Corrélativement, les crédits de paiement disponibles sur un programme à la fin de l’année peuvent être reportés sur le même programme ou, à défaut, sur un programme poursuivant les mêmes objectifs. Depuis la loi organique du 28 décembre 2021, les crédits inscrits sur le titre des dépenses de personnel ne peuvent plus faire l’objet d’un report sur l’année suivante (alors qu’ils le pouvaient jusque-là dans la limite de 3 %). Pour les autres crédits, le report est limité dans son montant : il ne peut excéder une limite globale fixée à 3 % des crédits initiaux.

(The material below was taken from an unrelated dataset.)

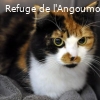 TALYS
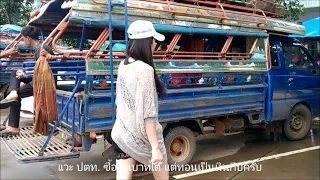 ท่องเที่ยวลาวใต้ ที่ราบสูงโปโลแวน และน้ำตกตาดเสือ - ส.ค.2019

Ce plafond peut être majoré par une disposition de la loi de finances. Le montant total des crédits de paiement ainsi reportés ne peut, toutefois, excéder 5 % des crédits ouverts par la loi de finances de l'année. Il peut être dérogé à ce plafond de 5 % en cas de nécessité impérieuse d’intérêt national.

Dans les deux cas, les reports interviennent par arrêté conjoint du ministre des Finances et du ministre intéressé. Les arrêtés de report doivent être publiés au plus tard le 31 mars de l’année suivante.

Dans la pratique, les reports de crédits sont utilisés de manière récurrente pour freiner le déficit budgétaire de l’exercice. Ils tiennent aussi au caractère tardif du vote de la dernière loi de finances rectificative : dans les faits, celle-ci intervient fréquemment à la fin du mois de décembre, de sorte que les ordonnateurs ne disposent pas du temps pour utiliser les crédits sur l’année où ils ont été votés.

2 – Les annulations de crédits

Le mécanisme des annulations de crédits existait sous l’ordonnance de 1959 : celle-ci prévoyait que les crédits devenus sans objet en cours d’année pouvaient être annulés sur simple arrêté du ministre des Finances avec l’accord du ministre intéressé. Cependant, ce système, qui visait à adapter, en cours d’exécution, les autorisations de crédits aux circonstances nouvelles, a vite été détourné de son objet pour en faire un instrument de régulation budgétaire destiné à contenir le déficit budgétaire.

La loi organique de 2001 a officialisé ce rôle : ainsi, les annulations de crédits sont, comme par le passé, autorisées pour les crédits devenus sans objet, mais aussi, à présent, à titre préventif pour prévenir une détérioration éventuelle de l’équilibre budgétaire défini par la dernière loi de finances (art. 14).

Elle a, également, encadré cette procédure en prévoyant que le montant des crédits annulés ne peut dépasser 1,5 % des crédits ouverts par les lois de finances afférentes à l’année en cours. Par ailleurs, avant sa publication, tout décret d’annulation doit, dorénavant, être transmis pour information aux commissions des finances et aux autres commissions intéressées.

L’objectif de régulation budgétaire assigné aux annulations de crédits a été complété par la création d’une réserve de précaution par la loi organique du 12 juillet 2005 qui a modifié certaines dispositions de la LOLF. Cette réserve consiste à geler et donc à rendre indisponible, dès le projet de loi de finances initial, une fraction des crédits ouverts. Le but est de faire face aux besoins de la régulation qui sont susceptibles d’évoluer en cours d’année, ainsi qu’aux imprévus et aux aléas de gestion. Dans les faits, cependant, la réserve de précaution est, essentiellement, utilisée pour prévenir la détérioration du solde budgétaire.